Task description.
Retype the material that follows exactly, limited to the lines from the one with "store , محل" through the one with "Внешний вид. Термоанализаторы, http://oei-analitika.ru", and keep out all pictures.

Source data.
┄┄┄┄┄┄
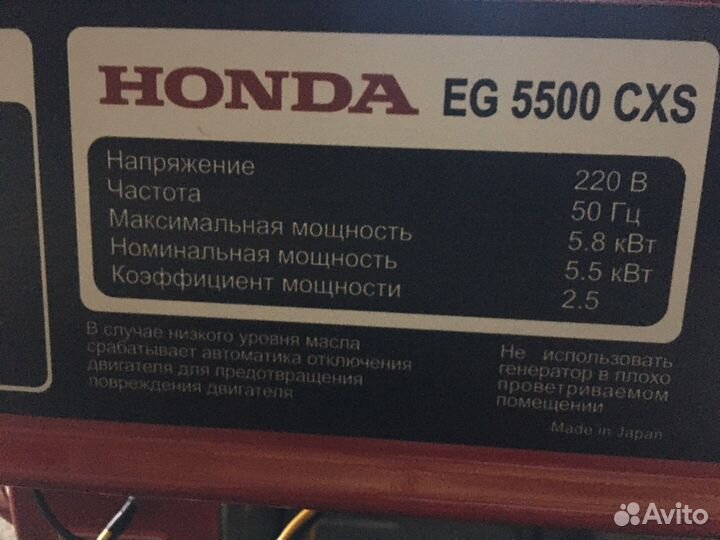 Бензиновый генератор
┄┄┄┄┄┄
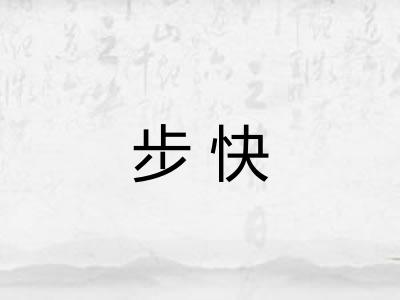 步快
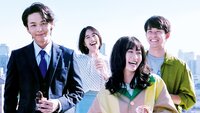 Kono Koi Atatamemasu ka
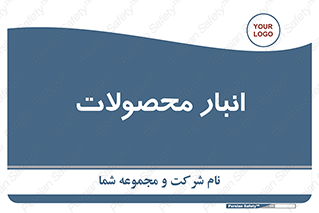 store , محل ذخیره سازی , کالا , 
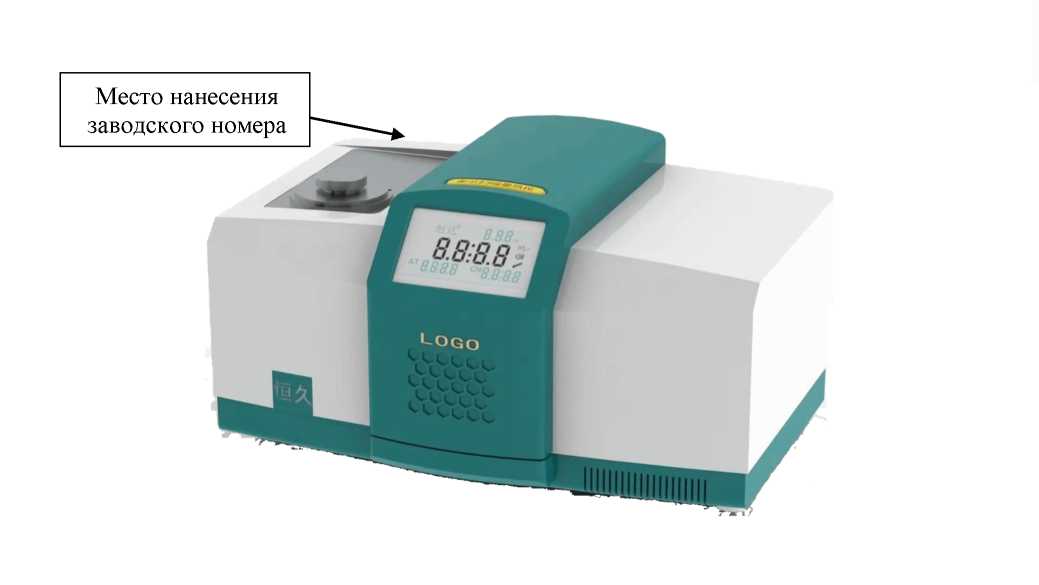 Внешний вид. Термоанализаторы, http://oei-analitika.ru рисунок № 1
┄┄┄┄┄┄
Solution to this problem.
 store , محل ذخیره سازی , کالا , 
 Внешний вид. Термоанализаторы, http://oei-analitika.ru рисунок № 1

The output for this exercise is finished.